*What is expected*:
From the line with "AMG AMHCP13XDOLBK Back" to the line with "Malování / Maľovanie", output every line below exactly, both ends included. Skip the pictures.

*Supplied entries*:
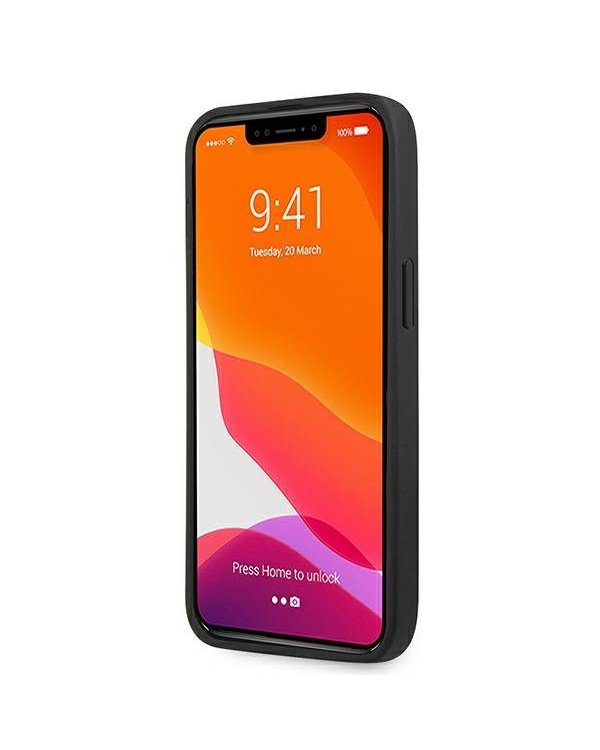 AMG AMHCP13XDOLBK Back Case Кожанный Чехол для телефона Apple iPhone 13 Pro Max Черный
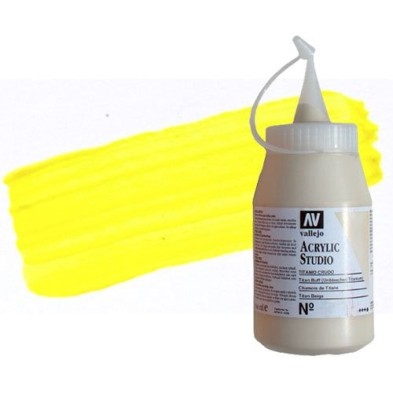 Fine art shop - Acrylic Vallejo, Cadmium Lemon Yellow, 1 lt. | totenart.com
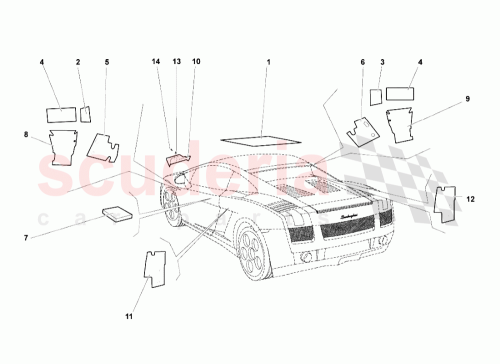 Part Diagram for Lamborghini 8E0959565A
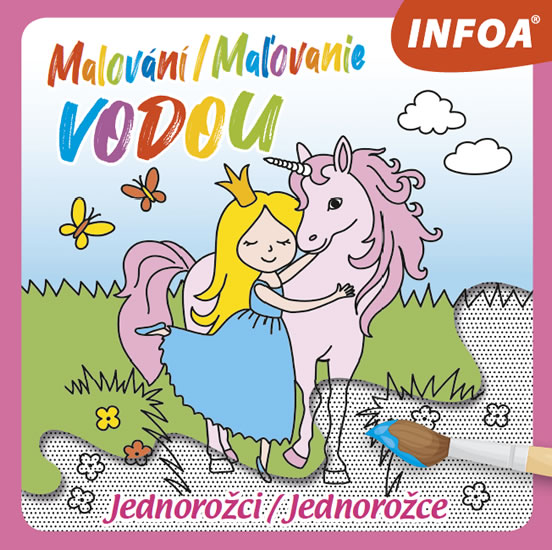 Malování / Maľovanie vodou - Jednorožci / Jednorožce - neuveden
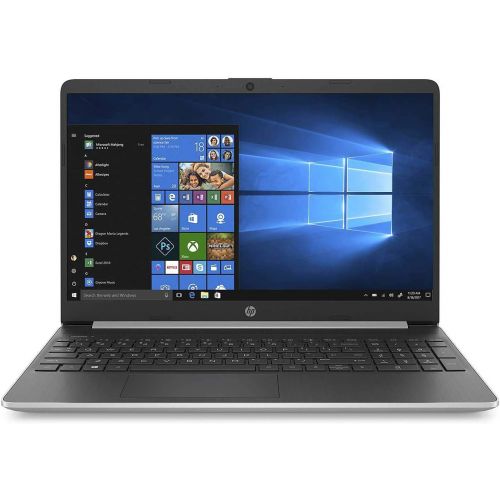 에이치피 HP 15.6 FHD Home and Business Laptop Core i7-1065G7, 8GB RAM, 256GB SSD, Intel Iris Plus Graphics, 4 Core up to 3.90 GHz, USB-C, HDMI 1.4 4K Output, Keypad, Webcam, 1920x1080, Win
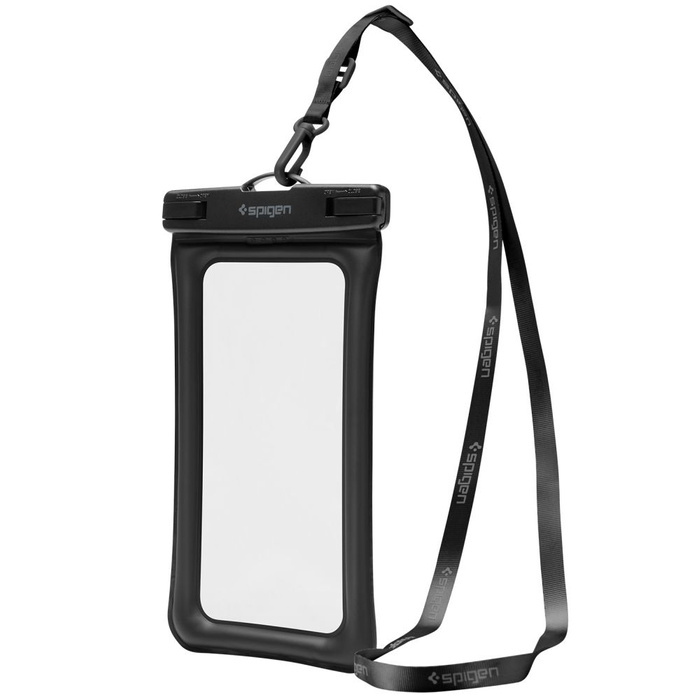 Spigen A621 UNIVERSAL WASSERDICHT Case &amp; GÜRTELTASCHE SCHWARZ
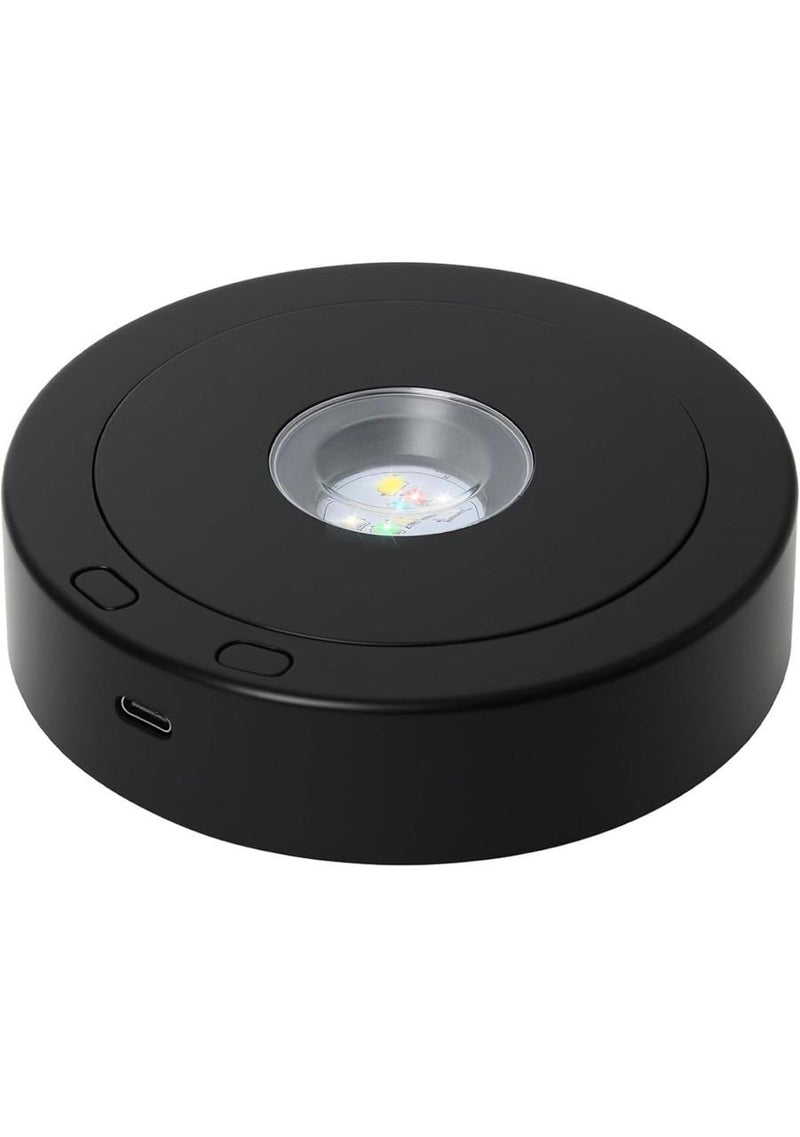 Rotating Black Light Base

--

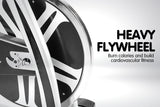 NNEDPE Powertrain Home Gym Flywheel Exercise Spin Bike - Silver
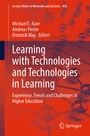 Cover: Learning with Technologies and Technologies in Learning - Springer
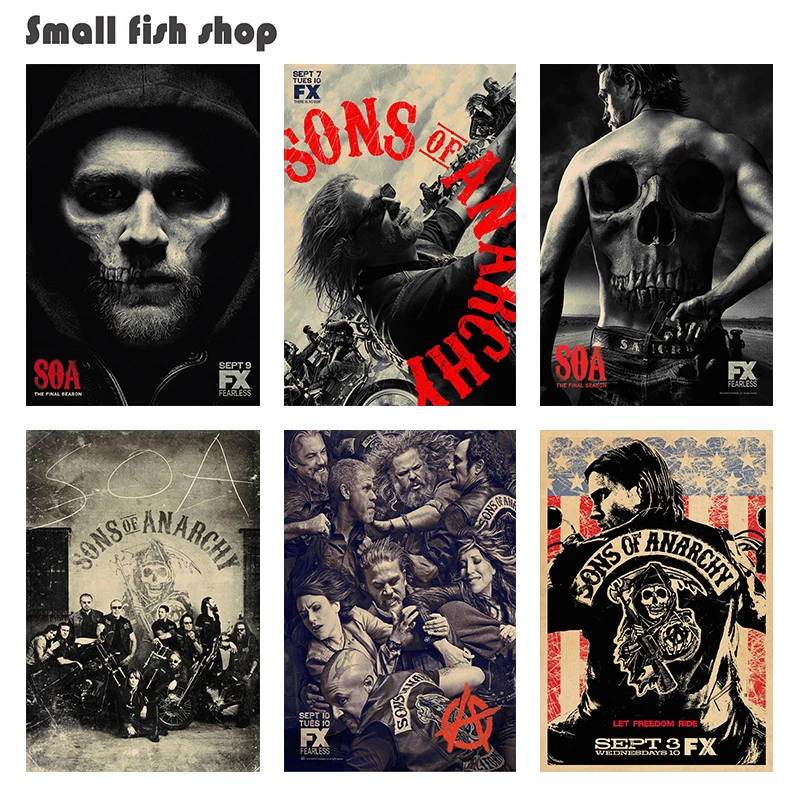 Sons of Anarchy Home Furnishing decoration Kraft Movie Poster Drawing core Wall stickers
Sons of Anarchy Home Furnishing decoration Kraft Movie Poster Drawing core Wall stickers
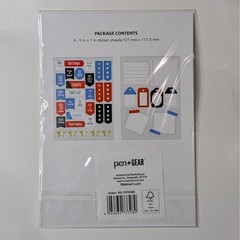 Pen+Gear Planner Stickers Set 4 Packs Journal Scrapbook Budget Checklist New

---

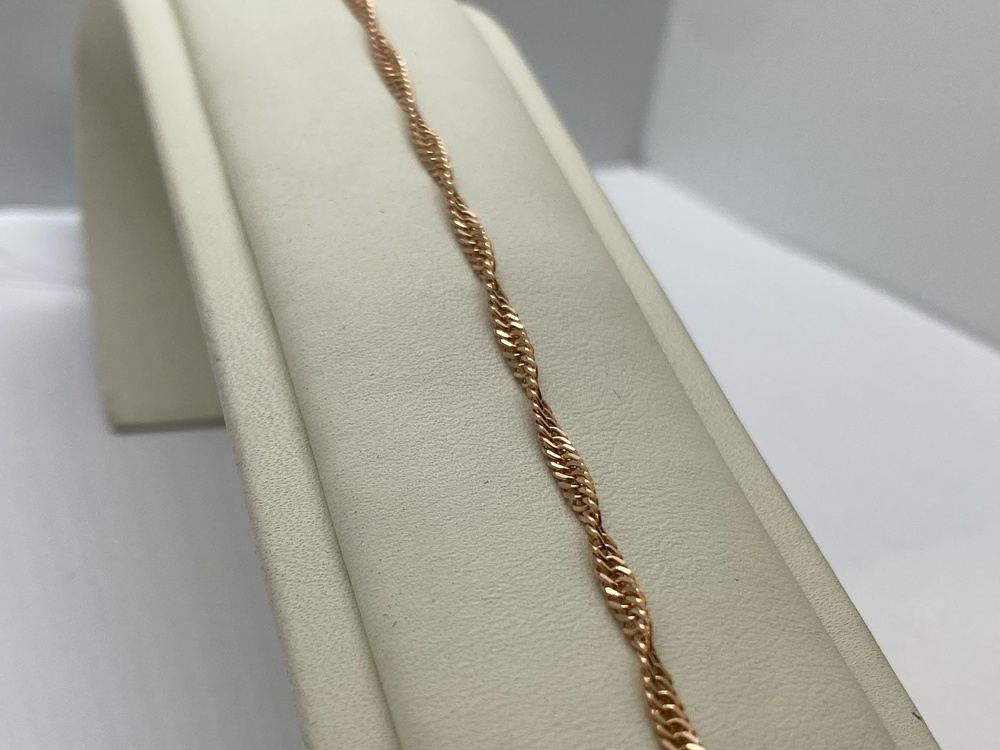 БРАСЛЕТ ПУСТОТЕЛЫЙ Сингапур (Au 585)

*Answer box*:
 AMG AMHCP13XDOLBK Back Case Кожанный Чехол для телефона Apple iPhone 13 Pro Max Черный
 Fine art shop - Acrylic Vallejo, Cadmium Lemon Yellow, 1 lt. | totenart.com
 Part Diagram for Lamborghini 8E0959565A
 Malování / Maľovanie vodou - Jednorožci / Jednorožce - neuveden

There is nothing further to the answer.